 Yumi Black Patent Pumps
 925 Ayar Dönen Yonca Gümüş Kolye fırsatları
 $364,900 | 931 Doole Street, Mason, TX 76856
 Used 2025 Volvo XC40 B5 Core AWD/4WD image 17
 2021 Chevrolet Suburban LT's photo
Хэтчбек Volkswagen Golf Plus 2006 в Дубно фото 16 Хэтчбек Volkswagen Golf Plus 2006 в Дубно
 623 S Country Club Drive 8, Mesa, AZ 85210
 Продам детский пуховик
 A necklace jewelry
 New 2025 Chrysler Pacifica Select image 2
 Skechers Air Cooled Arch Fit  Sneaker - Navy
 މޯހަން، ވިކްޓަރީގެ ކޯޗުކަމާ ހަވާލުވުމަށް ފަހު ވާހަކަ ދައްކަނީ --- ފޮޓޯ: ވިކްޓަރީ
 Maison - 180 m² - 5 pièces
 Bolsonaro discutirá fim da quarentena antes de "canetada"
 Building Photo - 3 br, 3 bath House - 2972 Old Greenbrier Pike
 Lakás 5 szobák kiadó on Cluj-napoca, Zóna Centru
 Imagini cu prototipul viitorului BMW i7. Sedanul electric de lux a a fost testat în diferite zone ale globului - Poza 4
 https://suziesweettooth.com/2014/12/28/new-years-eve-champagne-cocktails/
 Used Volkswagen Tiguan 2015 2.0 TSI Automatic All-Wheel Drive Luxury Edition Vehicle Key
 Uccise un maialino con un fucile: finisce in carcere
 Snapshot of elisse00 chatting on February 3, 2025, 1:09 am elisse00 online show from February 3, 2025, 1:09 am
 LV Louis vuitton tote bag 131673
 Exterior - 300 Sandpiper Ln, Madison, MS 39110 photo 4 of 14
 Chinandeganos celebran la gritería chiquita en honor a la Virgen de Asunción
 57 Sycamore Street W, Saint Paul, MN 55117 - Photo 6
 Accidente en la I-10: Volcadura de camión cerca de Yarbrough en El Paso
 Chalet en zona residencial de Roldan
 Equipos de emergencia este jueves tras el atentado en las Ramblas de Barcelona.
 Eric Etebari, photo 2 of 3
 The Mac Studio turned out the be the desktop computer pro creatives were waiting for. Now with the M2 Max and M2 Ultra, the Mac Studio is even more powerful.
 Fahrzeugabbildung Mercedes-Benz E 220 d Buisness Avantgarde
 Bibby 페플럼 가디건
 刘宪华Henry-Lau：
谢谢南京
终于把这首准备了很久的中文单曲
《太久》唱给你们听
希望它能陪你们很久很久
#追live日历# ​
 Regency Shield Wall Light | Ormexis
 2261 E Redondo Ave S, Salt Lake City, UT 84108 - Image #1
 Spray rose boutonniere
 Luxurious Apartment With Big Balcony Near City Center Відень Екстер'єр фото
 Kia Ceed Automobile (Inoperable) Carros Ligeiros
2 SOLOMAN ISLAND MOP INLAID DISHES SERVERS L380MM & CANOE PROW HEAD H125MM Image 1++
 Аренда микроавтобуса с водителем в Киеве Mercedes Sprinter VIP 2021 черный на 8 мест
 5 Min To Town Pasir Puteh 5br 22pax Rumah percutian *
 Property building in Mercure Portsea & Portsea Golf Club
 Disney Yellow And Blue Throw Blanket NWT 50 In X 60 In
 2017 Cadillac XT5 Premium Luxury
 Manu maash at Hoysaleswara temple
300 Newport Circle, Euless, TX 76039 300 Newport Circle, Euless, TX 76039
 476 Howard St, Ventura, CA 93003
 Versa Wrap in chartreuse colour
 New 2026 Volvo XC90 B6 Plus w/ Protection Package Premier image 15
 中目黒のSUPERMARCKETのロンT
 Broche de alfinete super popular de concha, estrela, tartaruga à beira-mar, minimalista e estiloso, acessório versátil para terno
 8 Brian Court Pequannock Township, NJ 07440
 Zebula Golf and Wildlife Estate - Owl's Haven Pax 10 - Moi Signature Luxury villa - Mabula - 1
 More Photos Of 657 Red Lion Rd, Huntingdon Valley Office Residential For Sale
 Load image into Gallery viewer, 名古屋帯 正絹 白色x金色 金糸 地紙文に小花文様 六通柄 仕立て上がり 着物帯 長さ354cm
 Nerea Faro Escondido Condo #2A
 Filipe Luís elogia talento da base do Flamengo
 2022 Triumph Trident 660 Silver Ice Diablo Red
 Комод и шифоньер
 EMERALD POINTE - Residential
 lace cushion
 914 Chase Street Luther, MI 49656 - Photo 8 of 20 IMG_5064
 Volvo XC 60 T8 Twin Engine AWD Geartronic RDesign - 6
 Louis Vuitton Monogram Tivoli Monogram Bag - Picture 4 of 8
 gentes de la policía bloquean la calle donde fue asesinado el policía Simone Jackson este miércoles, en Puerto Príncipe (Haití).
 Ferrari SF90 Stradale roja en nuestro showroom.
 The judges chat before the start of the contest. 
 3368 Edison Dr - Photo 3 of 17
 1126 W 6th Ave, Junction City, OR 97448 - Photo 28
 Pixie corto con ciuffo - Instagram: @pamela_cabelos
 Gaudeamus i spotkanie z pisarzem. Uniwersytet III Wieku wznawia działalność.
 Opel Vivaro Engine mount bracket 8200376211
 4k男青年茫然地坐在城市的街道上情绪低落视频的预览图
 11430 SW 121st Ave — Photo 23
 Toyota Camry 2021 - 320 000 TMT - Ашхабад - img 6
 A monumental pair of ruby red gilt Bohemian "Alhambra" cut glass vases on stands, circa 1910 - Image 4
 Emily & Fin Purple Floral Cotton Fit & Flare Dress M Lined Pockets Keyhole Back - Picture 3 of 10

----

WHAT IS EXPECTED: In how many lines of the data does the string "este" appear? Only the number should be given.

ANSWER FOR THE TASK: 2